小さいうちから保育園に預けても子どもは可哀そうではない科学的理由

小さい子どもを預けるなんてひどい母親だ!

ということは実は嘘かもしれないんです。

特に子どもが小さいうちに離婚に至り、経済的にも子どもを預けながら働かなくてはいけないシングルマザー、シングルファザーの方は我が子に申し訳ないと心を痛めながら働く選択をしているかもしれません。しかし、実は保育園に預けることは子どもに何のデメリットもなく、むしろメリットであったとしたら?

「かわいそう」「母親失格」という言葉に胸を痛める必要はもうありません。

目次

小さいうちから子どもを預けることを「かわいそう」だと決めているのは誰?

ヨーロッパの国では、女性が子どもを産んだ後でも働くことは一般的であり、子どもを持つ=職を失うという考え方は全くありません。ほとんどの子どもたちは小さいうちから保育園やベビーシッターに預けられて育ちます。そのため、「小さいうちから子どもを預けるのが可哀そう」という認識は親にも、そして子どもにもないそうです。

では、日本ではなぜ「小さいうちから預けると子どもがかわいそう」だと思われているのでしょうか?

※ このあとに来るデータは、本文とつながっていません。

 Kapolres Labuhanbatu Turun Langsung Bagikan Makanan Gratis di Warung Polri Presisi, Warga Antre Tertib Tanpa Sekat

親世代の「小さいうちから預けたら子どもがかわいそう」が今の社会に影響している

女性の社会的進出の始まりは、家電の普及により家事に時間をかけなくて済むようになってきた高度経済成長期です。日本の高度経済成長期は、1955~1973年。それは今からおよそ40~60年前です。いまの私たちの親世代は多くが50代以上。つまり、まだ女性の社会的進出が一般的ではなかった頃に赤ちゃん時代をすごしています。一方、イギリスでは日本よりも100年も前に産業革命が起こっています。

私たちの親世代では、女性の社会的進出が始まったばかりで自分自身が小さいころから預けられるということを経験していないために、「小さいうちから母親と引き離される子どもがかわいそう」な気がしてしまうのです。またそういわれて育ってきた私たちにも同じような価値観が備わっていると考えられます。

今の子たちはこの価値観を持たない大人になるだろう

私たちの子どもは、女性進出が一般的になった価値観のあとの子どもたちです。この子たちが大人になるころにはヨーロッパと同じく、女性も子どもを預けて働くことが一般的な価値観になっていると予想されます。

子どもは小さいうちから集団社会で生きていく能力が備わっている

ポポちゃんやメルちゃんと言った赤ちゃんをお世話するオモチャの人形がありますよね。発売以来、長年売れ続けているロングヒット商品です。女の子だけではなく時には男の子にも赤ちゃんの人形を積極的にお世話しようとする姿が見られます。また4,5歳の子どもには自分よりも小さい子のお世話をしたり、かわいがる能力がすでにできています。

私たち人間は、脳の発達により文化的な生き方を選択するようになりました。それは社会を形成し集団の中で生きていくことです。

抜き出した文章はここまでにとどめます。